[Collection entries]
····················

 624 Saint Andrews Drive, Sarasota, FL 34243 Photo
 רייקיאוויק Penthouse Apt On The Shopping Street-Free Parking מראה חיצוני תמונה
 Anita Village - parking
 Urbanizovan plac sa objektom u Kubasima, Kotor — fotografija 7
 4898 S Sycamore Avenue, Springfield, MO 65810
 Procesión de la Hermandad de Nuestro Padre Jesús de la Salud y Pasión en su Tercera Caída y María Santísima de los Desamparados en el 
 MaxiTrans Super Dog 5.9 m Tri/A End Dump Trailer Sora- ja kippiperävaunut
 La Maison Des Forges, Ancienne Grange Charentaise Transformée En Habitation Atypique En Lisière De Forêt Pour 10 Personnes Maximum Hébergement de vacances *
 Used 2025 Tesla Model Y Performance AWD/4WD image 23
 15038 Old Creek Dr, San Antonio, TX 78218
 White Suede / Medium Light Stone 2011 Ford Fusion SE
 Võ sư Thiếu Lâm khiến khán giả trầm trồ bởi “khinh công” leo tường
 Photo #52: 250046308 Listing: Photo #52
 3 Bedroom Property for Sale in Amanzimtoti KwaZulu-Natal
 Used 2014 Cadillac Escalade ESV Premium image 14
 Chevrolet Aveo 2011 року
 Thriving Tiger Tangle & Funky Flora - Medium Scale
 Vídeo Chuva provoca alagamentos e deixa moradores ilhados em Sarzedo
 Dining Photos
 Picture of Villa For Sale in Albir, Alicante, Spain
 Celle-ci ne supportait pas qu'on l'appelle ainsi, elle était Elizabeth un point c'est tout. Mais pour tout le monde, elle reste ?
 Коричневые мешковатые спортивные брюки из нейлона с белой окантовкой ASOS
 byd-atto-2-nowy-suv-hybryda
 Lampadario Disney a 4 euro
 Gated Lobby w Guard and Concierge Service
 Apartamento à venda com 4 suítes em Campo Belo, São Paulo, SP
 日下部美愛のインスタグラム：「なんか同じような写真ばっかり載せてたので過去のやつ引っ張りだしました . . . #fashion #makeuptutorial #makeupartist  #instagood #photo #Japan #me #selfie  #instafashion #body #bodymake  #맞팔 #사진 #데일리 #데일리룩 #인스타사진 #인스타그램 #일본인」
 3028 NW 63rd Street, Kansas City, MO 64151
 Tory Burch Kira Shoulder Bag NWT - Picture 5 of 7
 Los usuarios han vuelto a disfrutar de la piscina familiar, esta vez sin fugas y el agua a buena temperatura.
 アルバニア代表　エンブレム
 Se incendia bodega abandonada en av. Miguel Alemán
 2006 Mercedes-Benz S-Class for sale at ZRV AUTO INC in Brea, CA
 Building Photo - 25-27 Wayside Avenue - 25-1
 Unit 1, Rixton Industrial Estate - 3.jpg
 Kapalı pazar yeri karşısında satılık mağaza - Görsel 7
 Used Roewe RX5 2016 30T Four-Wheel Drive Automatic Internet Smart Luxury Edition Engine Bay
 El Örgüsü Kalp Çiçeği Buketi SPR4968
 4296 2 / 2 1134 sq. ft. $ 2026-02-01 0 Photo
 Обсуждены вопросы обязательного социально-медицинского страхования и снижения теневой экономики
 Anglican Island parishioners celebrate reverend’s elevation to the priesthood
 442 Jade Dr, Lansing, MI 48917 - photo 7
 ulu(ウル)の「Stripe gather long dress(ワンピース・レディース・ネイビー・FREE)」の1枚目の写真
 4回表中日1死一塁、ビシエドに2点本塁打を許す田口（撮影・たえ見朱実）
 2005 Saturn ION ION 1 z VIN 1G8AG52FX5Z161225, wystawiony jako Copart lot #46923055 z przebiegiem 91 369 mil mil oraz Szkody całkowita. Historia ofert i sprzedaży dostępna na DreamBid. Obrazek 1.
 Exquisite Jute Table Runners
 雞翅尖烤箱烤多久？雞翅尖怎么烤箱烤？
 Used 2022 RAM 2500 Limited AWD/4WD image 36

····················

*Problem statement*:
In the entries above, find the line with "Urbanizovan plac sa" and the line with "Tory Burch Kira", then restate word for word both of them and every line between, with nothing more.

*Reply*:
 Urbanizovan plac sa objektom u Kubasima, Kotor — fotografija 7
 4898 S Sycamore Avenue, Springfield, MO 65810
 Procesión de la Hermandad de Nuestro Padre Jesús de la Salud y Pasión en su Tercera Caída y María Santísima de los Desamparados en el 
 MaxiTrans Super Dog 5.9 m Tri/A End Dump Trailer Sora- ja kippiperävaunut
 La Maison Des Forges, Ancienne Grange Charentaise Transformée En Habitation Atypique En Lisière De Forêt Pour 10 Personnes Maximum Hébergement de vacances *
 Used 2025 Tesla Model Y Performance AWD/4WD image 23
 15038 Old Creek Dr, San Antonio, TX 78218
 White Suede / Medium Light Stone 2011 Ford Fusion SE
 Võ sư Thiếu Lâm khiến khán giả trầm trồ bởi “khinh công” leo tường
 Photo #52: 250046308 Listing: Photo #52
 3 Bedroom Property for Sale in Amanzimtoti KwaZulu-Natal
 Used 2014 Cadillac Escalade ESV Premium image 14
 Chevrolet Aveo 2011 року
 Thriving Tiger Tangle & Funky Flora - Medium Scale
 Vídeo Chuva provoca alagamentos e deixa moradores ilhados em Sarzedo
 Dining Photos
 Picture of Villa For Sale in Albir, Alicante, Spain
 Celle-ci ne supportait pas qu'on l'appelle ainsi, elle était Elizabeth un point c'est tout. Mais pour tout le monde, elle reste ?
 Коричневые мешковатые спортивные брюки из нейлона с белой окантовкой ASOS
 byd-atto-2-nowy-suv-hybryda
 Lampadario Disney a 4 euro
 Gated Lobby w Guard and Concierge Service
 Apartamento à venda com 4 suítes em Campo Belo, São Paulo, SP
 日下部美愛のインスタグラム：「なんか同じような写真ばっかり載せてたので過去のやつ引っ張りだしました . . . #fashion #makeuptutorial #makeupartist  #instagood #photo #Japan #me #selfie  #instafashion #body #bodymake  #맞팔 #사진 #데일리 #데일리룩 #인스타사진 #인스타그램 #일본인」
 3028 NW 63rd Street, Kansas City, MO 64151
 Tory Burch Kira Shoulder Bag NWT - Picture 5 of 7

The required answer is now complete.